### EXERCISE PROMPT
Keep each entry exactly as written when you repeat it, and skip the images.

──────────

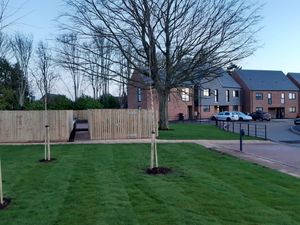 A tree has been kept in the middle of the Nuplace development at Ketley Bank. Picture: LDRS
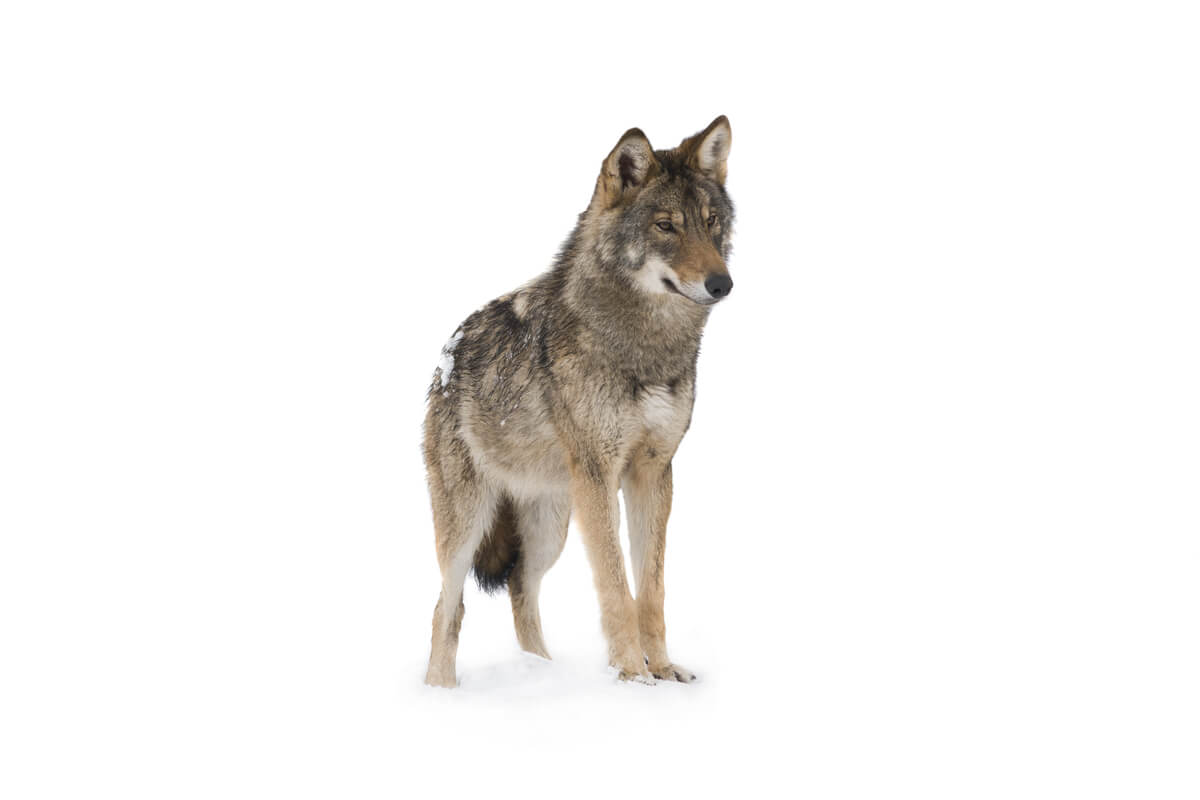 Un lobo sobre fondo blanco.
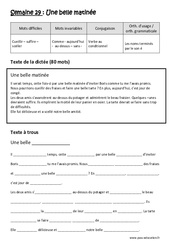 Verbe au conditionnel - Noms terminés par le son é - Dictée préparée - A trous : Primaire 5 - PDF à imprimer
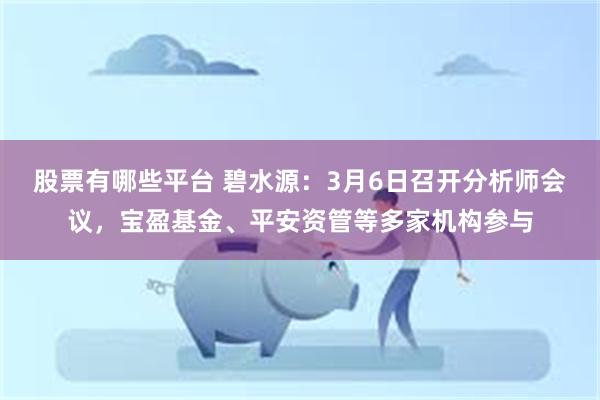 股票有哪些平台 碧水源：3月6日召开分析师会议，宝盈基金、平安资管等多家机构参与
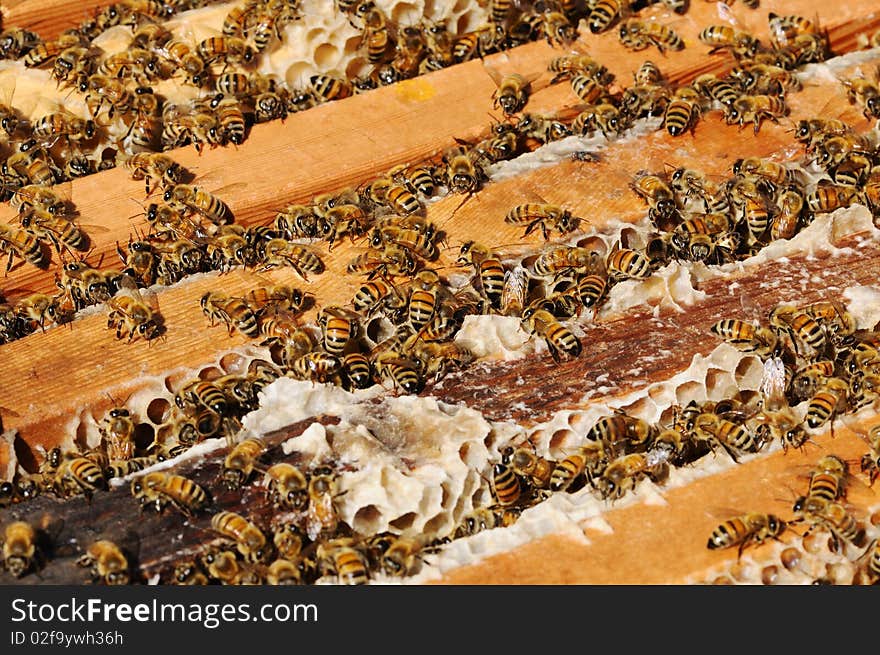 Bees work on a honeycomb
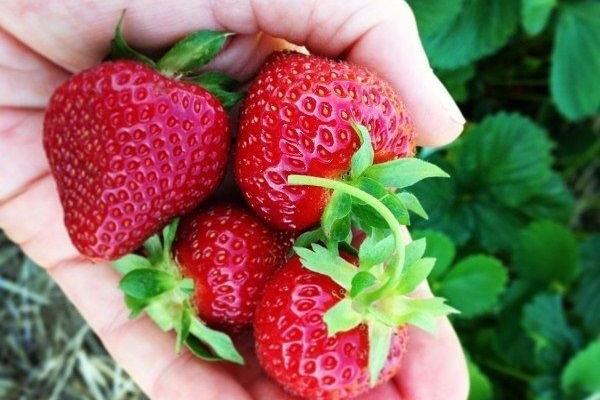 Kebun strawberry bali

──────────

### RESULT OF THE TASK
 A tree has been kept in the middle of the Nuplace development at Ketley Bank. Picture: LDRS
 Un lobo sobre fondo blanco.
 Verbe au conditionnel - Noms terminés par le son é - Dictée préparée - A trous : Primaire 5 - PDF à imprimer
 股票有哪些平台 碧水源：3月6日召开分析师会议，宝盈基金、平安资管等多家机构参与
 Bees work on a honeycomb
 Kebun strawberry bali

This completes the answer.